# Steelhead locations



## the_waterwolf (Feb 8, 2013)

Hello members of the Steelhead Forum,

I have discovered a small river in Ohio that is not stocked by the Ohio DNR, but has a fishable population of steelhead this time of year.

Over the past few Fall fishing seasons I have spotted adult steelhead (some over 30") moving upstream. 

After the rain that we had what locations should I be targeting? Should I fish deep holes that are below a series of rapids? I am clueless as to where to begin.

As far as bait or lures, I was intending on throwing small size 0-2 Mepps spinners or floating Berkeley trout bait on 4 lb test line.

Any input would be greatly appreciated and I will report back on my finds. 

Thank you


----------



## ejsell (May 3, 2012)

You'd have to PM me the exact location of this river and the spots you've seen them to get an answer. 

Sent from my SM-G920V using Tapatalk


----------



## ejsell (May 3, 2012)

Seriously, though if the water is still high and there's lots of debris I'd target around rocks, bends and deeper holes. Anywhere they can get out of the direct line of debris.

Sent from my SM-G920V using Tapatalk


----------



## the_waterwolf (Feb 8, 2013)

So in general these fish like the deeper holes? Do they sit on the bottom or press themselves against the deep side of the bank?


----------



## ejsell (May 3, 2012)

I'm far from an expert, just started fishing for them a few years ago. I was in PA this week and when the water got high and dirty we did well close to the bank on a bend that also happened to be deep water. We hooked up on 5 steelhead within 5 feet of the bank. In normal flows when it's still warm I target just above or below riffles. Earlier in the week when the water was still low I landed 2 and lost a couple more at the top of a shallow riffle and one in the riffle. The shallow water hit were all on minnow patterns
The deeper ones were all on flashy sucker spawn patterns.

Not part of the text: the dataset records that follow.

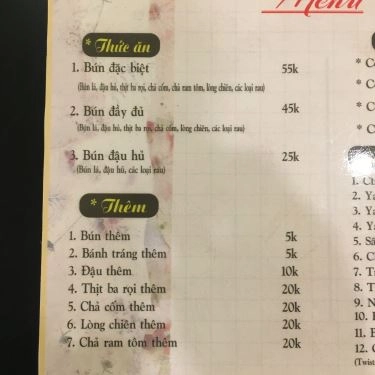 Thực đơn- Quán Ăn Bún Đậu Nia - Thống Nhất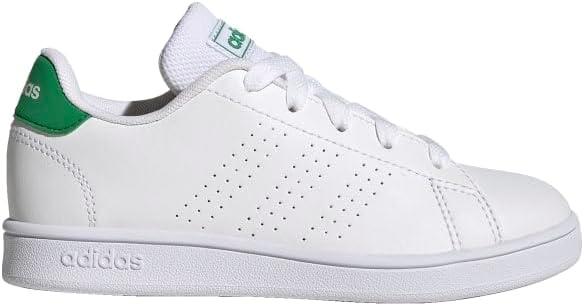 imageadidas UnisexChild Advantage Tennis ShoeFtwr WhiteGreenCore Black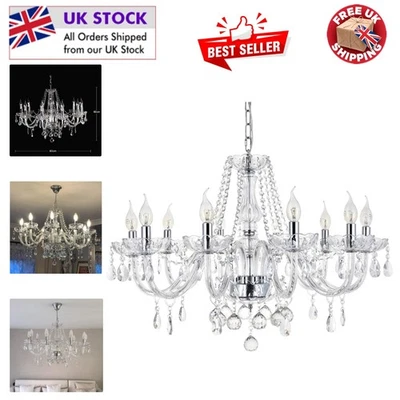 Luxurious 10-Light Crystal Chandelier with K9 Droplets - Elegant Home Fixture - Image 1 of 4
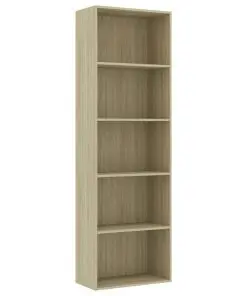 vidaXL 5-Tier Book Cabinet Sonoma Oak 60x30x189 cm Chipboard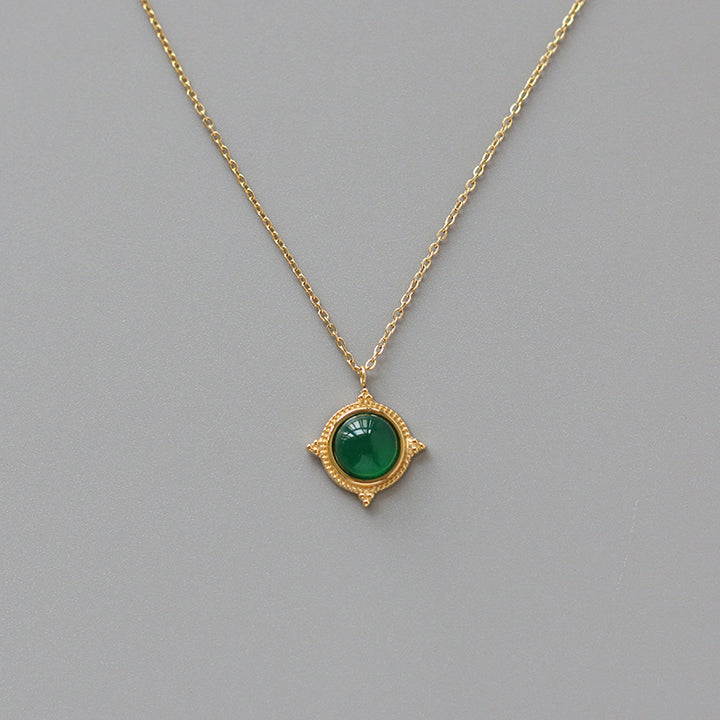 Collier Étoilé en Agate Verte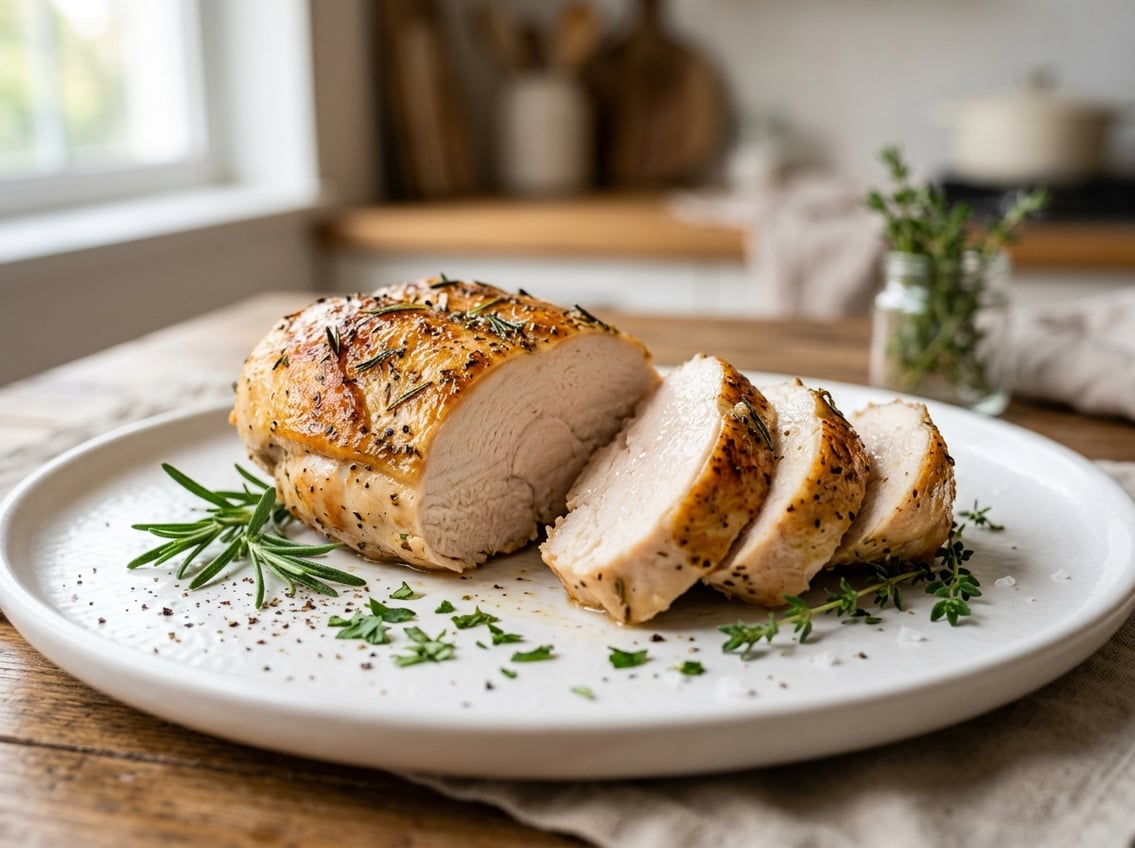 A sliced cooked chicken breast on a white plate with fresh herbs around it in a kitchen setting.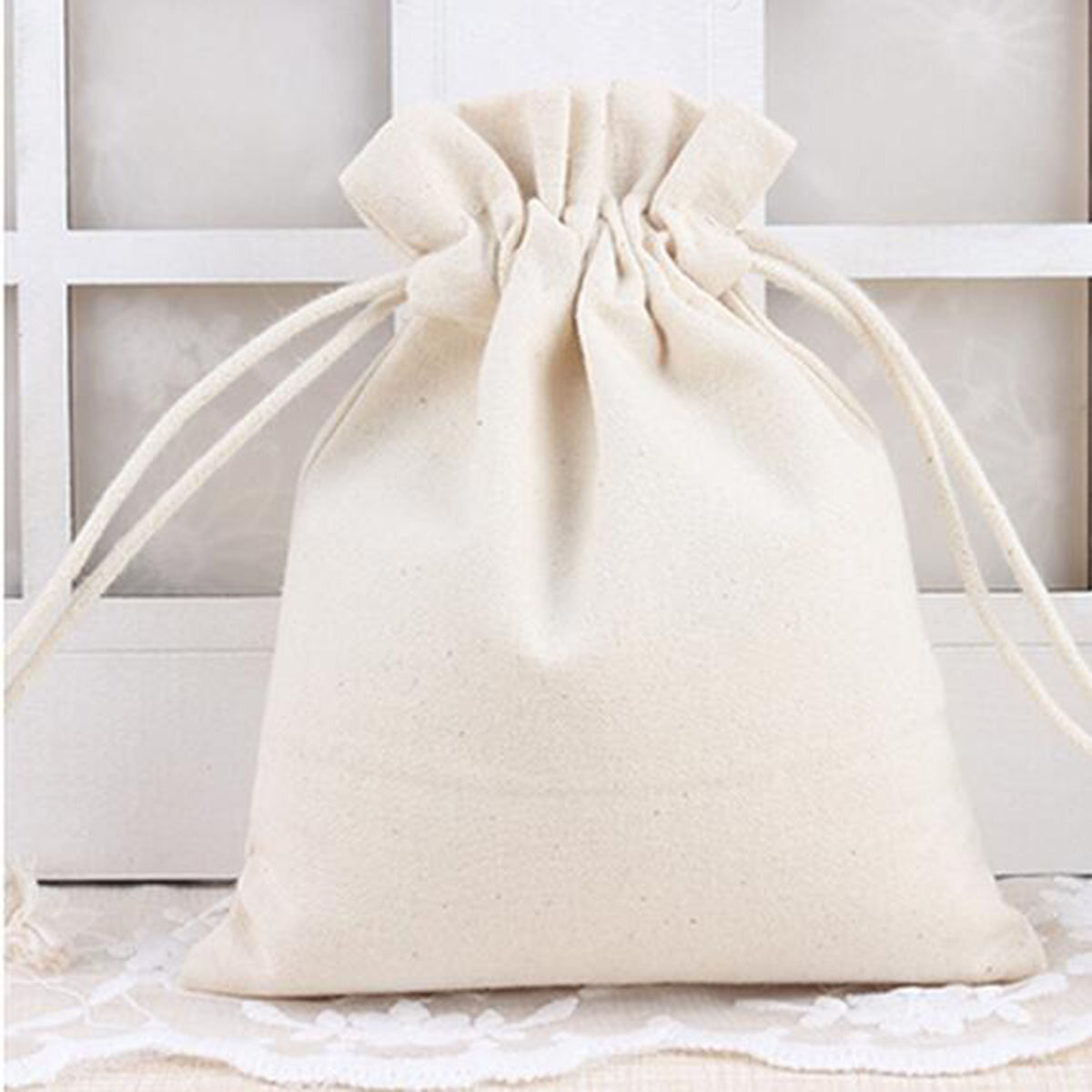 1PC Gift Bags For Girls Children Canvas Pouch Drawstring Solid Color Candy Gift Storage Bags Jewelry Packaging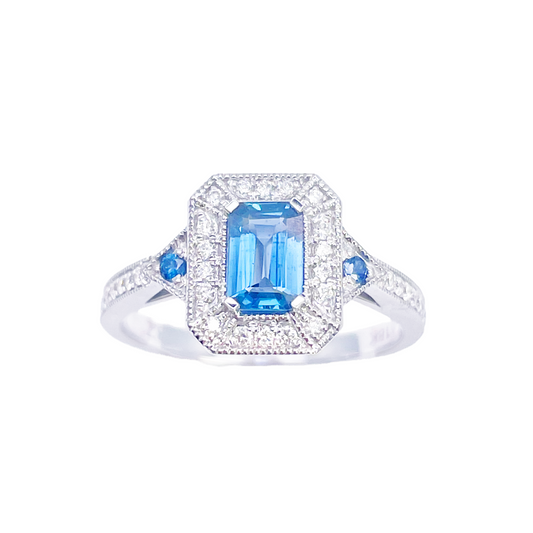 18ct Gold Natural Sapphire Diamond Halo Ring Round & Emerald Cut 0.95ct  Diamond Ring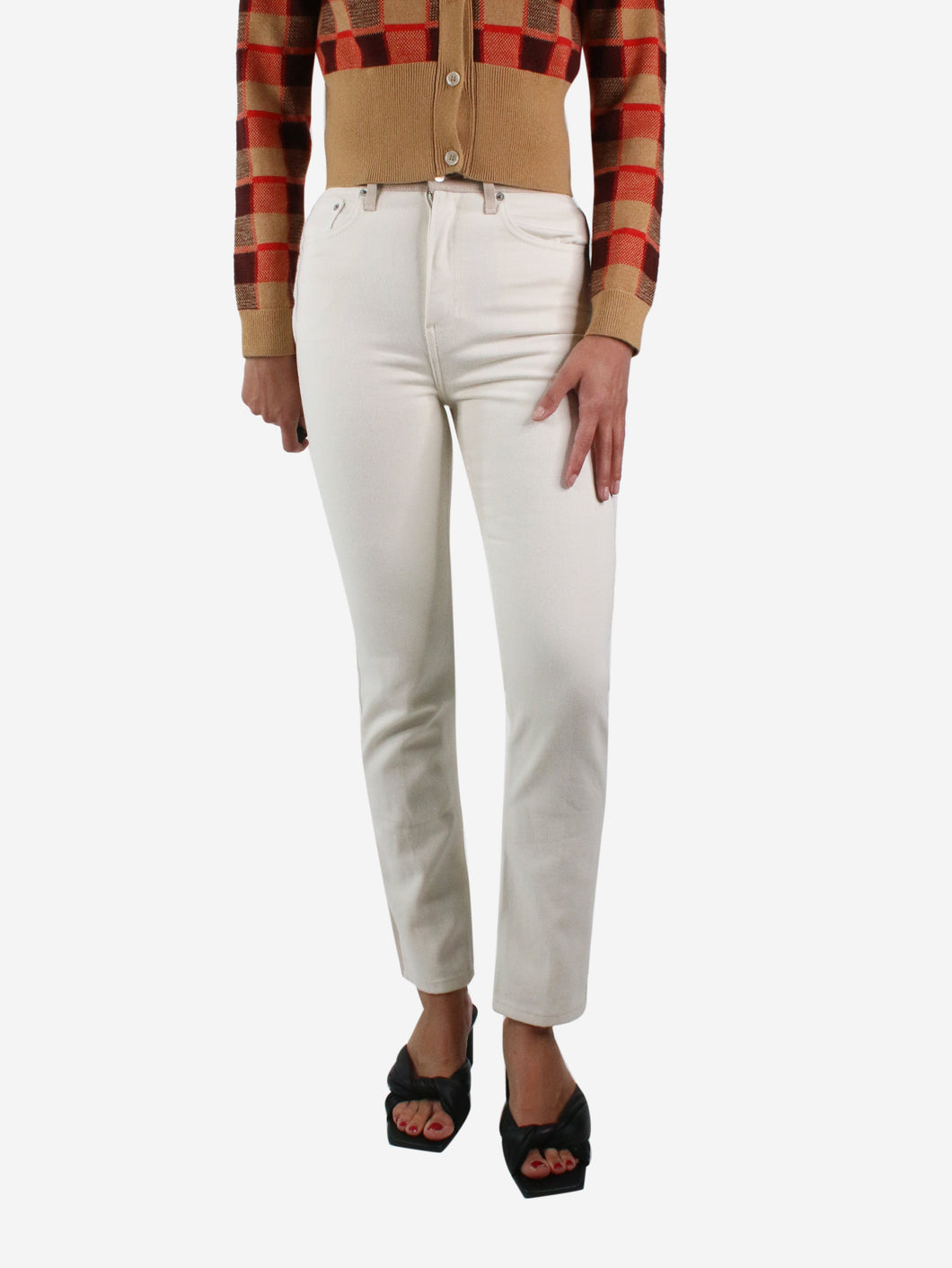 Cream tonal straight-leg jeans - size W25 Trousers Reformation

Sent from my SM-G920V using Tapatalk


----------



## c. j. stone (Sep 24, 2006)

TWW, do yourself(and the fish!) a favor and don't "downsize" too much. If you do hookup with a good sized steelie, the "average angler" will not land the fish on 4# line. Should you do "everything" textbook and happen to land a fish using UL, plan on keeping it as the fish will be totally spent. It takes a lot out of the fish due to the amount of time required to prevent a break off, and the fish will never recover. They will fight themselves to the brink of death-if you let them. With the appropriate eqt, they can be brought to the net in short order, and released to fight again!(NOT saying they can't be taken on UL eqt, some guys do it and with some degree of proficiency but a novice will kill the fish 9 out of 10 times.)JMO!


----------



## the_waterwolf (Feb 8, 2013)

c. j. stone said:


> TWW, do yourself(and the fish!) a favor and don't "downsize" too much. If you do hookup with a good sized steelie, the "average angler" will not land the fish on 4# line. Should you do "everything" textbook and happen to land a fish using UL, plan on keeping it as the fish will be totally spent. It takes a lot out of the fish due to the amount of time required to prevent a break off, and the fish will never recover. They will fight themselves to the brink of death-if you let them. With the appropriate eqt, they can be brought to the net in short order, and released to fight again!(NOT saying they can't be taken on UL eqt, some guys do it and with some degree of proficiency but a novice will kill the fish 9 out of 10 times.)JMO!


As a muskie fisherman I completely understand the brink of exhaustion. Thank you for pointing this out, I never even considered this.


----------



## the_waterwolf (Feb 8, 2013)

ejsell said:


> I'm far from an expert, just started fishing for them a few years ago. I was in PA this week and when the water got high and dirty we did well close to the bank on a bend that also happened to be deep water. We hooked up on 5 steelhead within 5 feet of the bank. In normal flows when it's still warm I target just above or below riffles. Earlier in the week when the water was still low I landed 2 and lost a couple more at the top of a shallow riffle and one in the riffle. The shallow water hit were all on minnow patterns
> The deeper ones were all on flashy sucker spawn patterns.
> 
> 
> Sent from my SM-G920V using Tapatalk



I will keep this in mind this morning. Thank you!


----------



## the_waterwolf (Feb 8, 2013)

A buddy and I casted spinners this morning for an hour and a half around a series of rapids left behind from a dam that was removed. Zero fish.

I may try another location this afternoon if I have time.


----------



## the_waterwolf (Feb 8, 2013)

Just fished a series of deep holes in the lower stretch of the river. Nothing to report, not even a nibble. I threw a #0 Mepps spinner with a red gold blade, 6 lb mono leader, 8 lb braid main line (2 lb diameter power pro).

Maybe next time


----------



## ngski (Aug 16, 2005)

Only use 4# if the water is clear, if the flow is up and dirty should use a heavier line, once a chrome gets in the current you're fighting the weight of the fish and the current, and no 4# line will do it unless you have a 13' float rod. Use a heavy lb test line as the main then tie on a lighter lb floru to the lure.


----------



## 419hayden (Mar 25, 2015)

I fished this secret location yesterday afternoon with same results started at old dam location and worked down stream a mile or so spotted no fish. Too bad cause the water conditions looked really good


----------